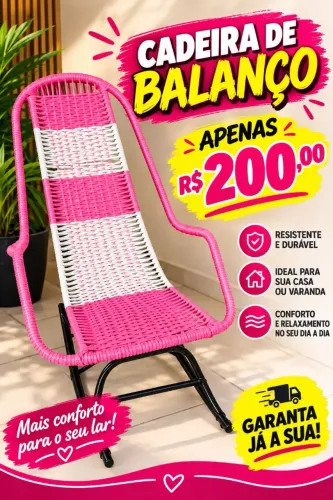 CADEIRA DE BALANÇO 200,00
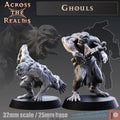 Ghouls from Across the Realms, 2 Wargame Miniatures+ Gratis Bases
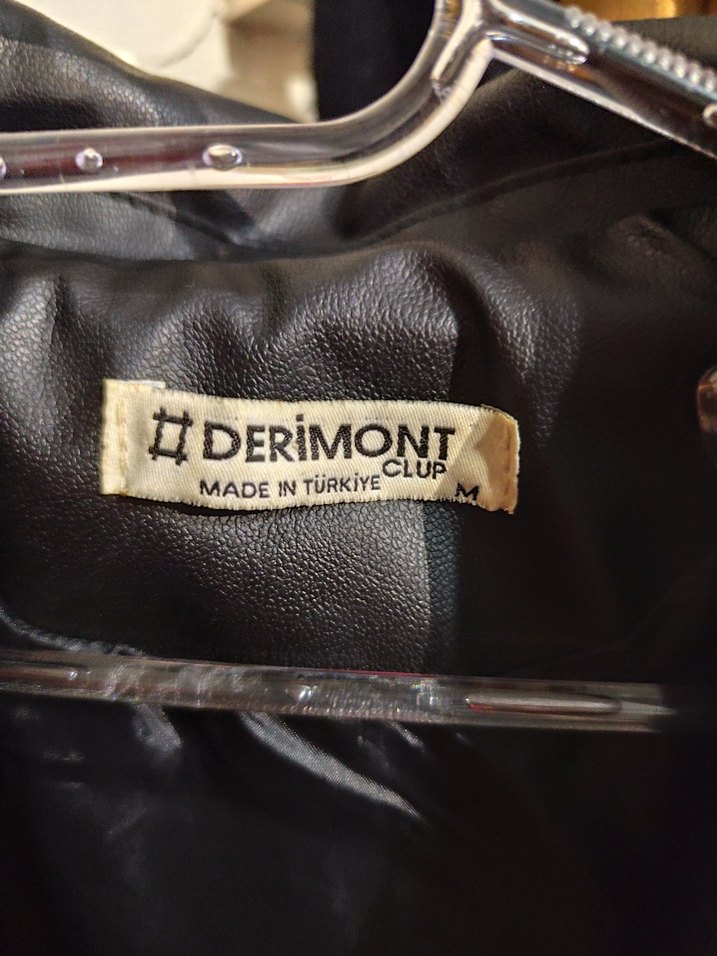 Kadın Siyah Deri Biker Ceket - Görsel 5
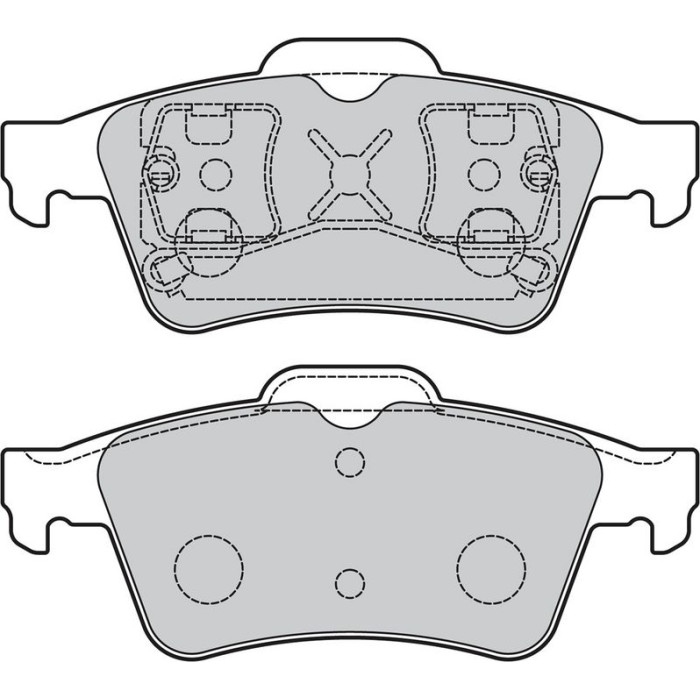 Valeo Bremsbelagsatz 598472 Valeo Bremsbelagsatz 598472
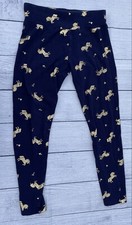 Justice Girl's size 12 Navy w/ Gold Unicorn Leggings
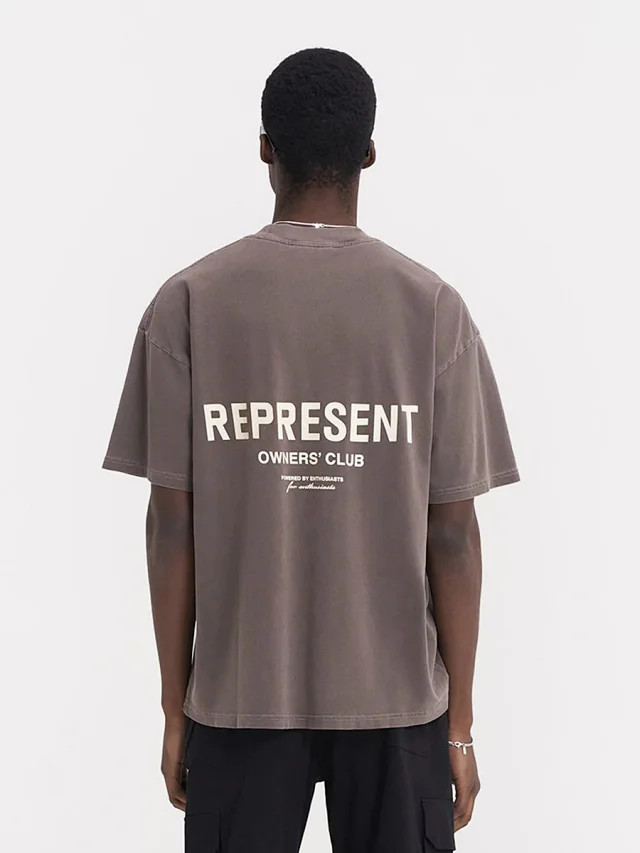 Represent T-Shirts Owners' Club Logo Print Oversized T-Shirt product detail image 35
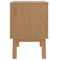 vidaXL Bedside Cabinet OLDEN Grey and Brown Solid Wood Pine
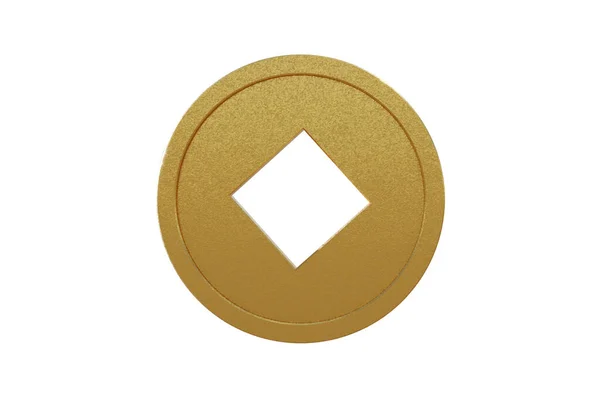 Illustration Chinese Gold Coin Icon — Stock Photo, Image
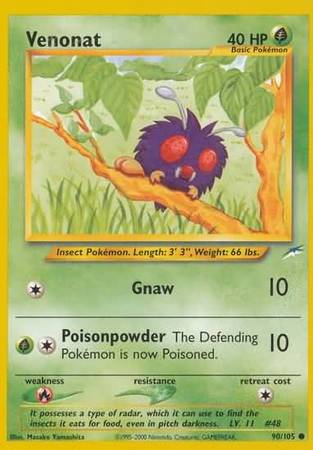 Venonat (90/105) [Neo Destiny Unlimited] | Good Games Cannington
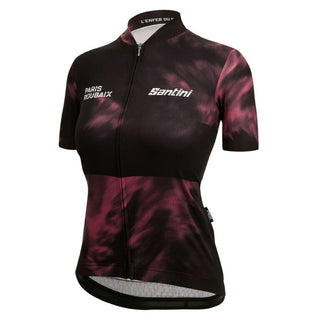 Santini Paris Roubaix Enfer Du Nord Women's Short Sleeve Jersey - Red/Black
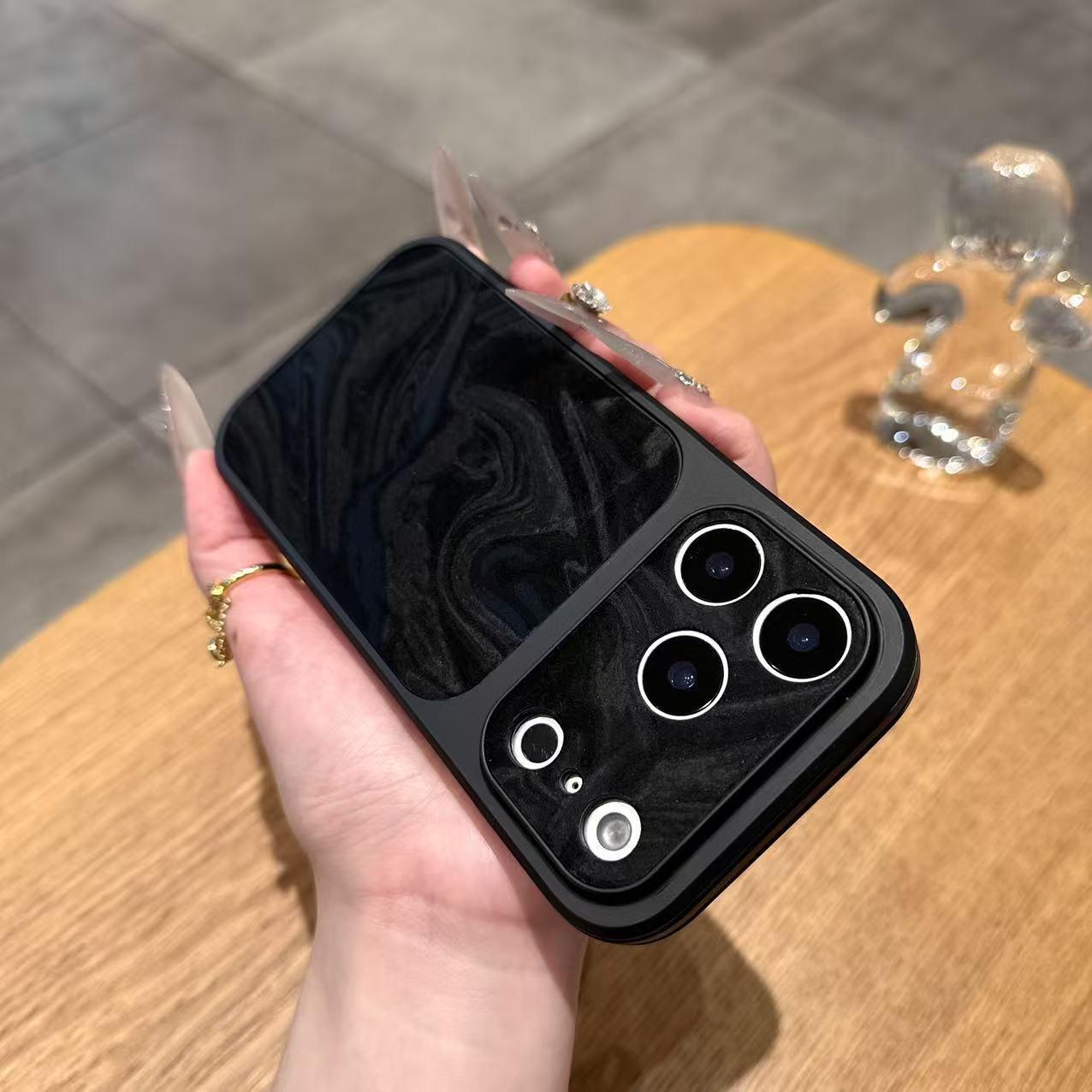 

Luxury High-End Water Ripple Protective Case for iPhone 17 Pro Max, 16, 15, 14 16 Pro Max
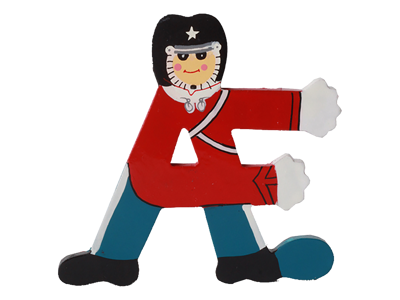 Wooden Letter Guard Æ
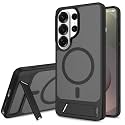 MagPro L Case with Stand for Samsung Galaxy S26 Ultra | Strong Magnetic Compatible Cover, Hybrid Hard PC Back, Soft TPU Bumper, Shockproof Armor, Scratch Resistant | Translucent Matte Black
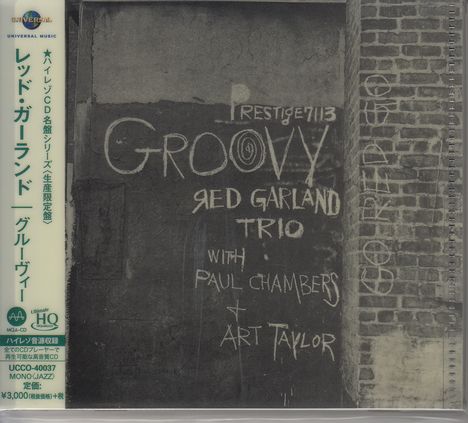 Red Garland (1923-1984): Groovy (UHQCD/MQA-CD) (Limited Edition), CD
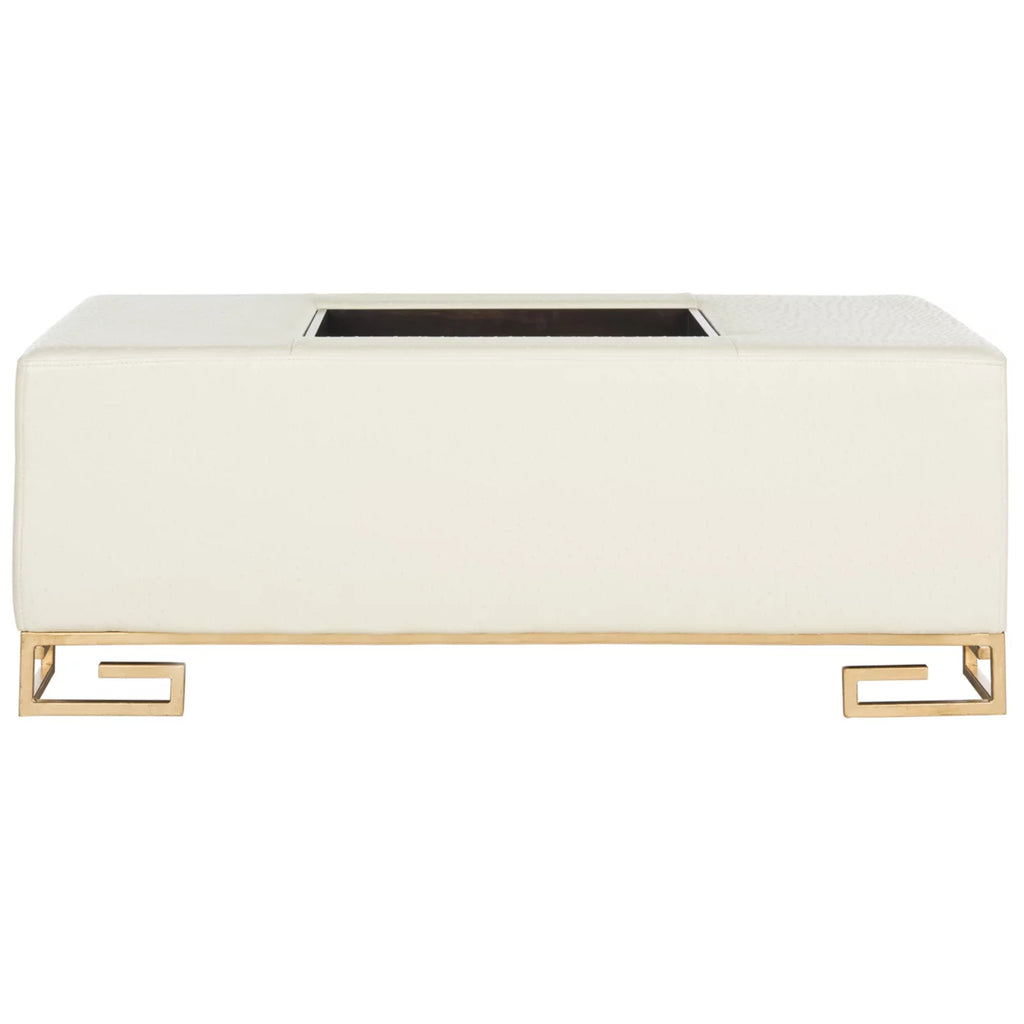 Faux Ostrich Tray Ottoman U904444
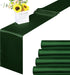 ANECO 4 Pack Forest Green Satin Table Runner 12 x 108 Inch for Wedding Banquet Party Decoration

* * * * *

Your objective: Using the data above, give again exactly the lines starting at the one holding "Ghouls from Across" and ending at the one holding "Justice Girl's size", inclusive, and nothing more. Omit the pictures.

Written answer:
 Ghouls from Across the Realms, 2 Wargame Miniatures+ Gratis Bases
 Kadın Siyah Deri Biker Ceket - Görsel 5
 Valeo Bremsbelagsatz 598472 Valeo Bremsbelagsatz 598472
 Justice Girl's size 12 Navy w/ Gold Unicorn Leggings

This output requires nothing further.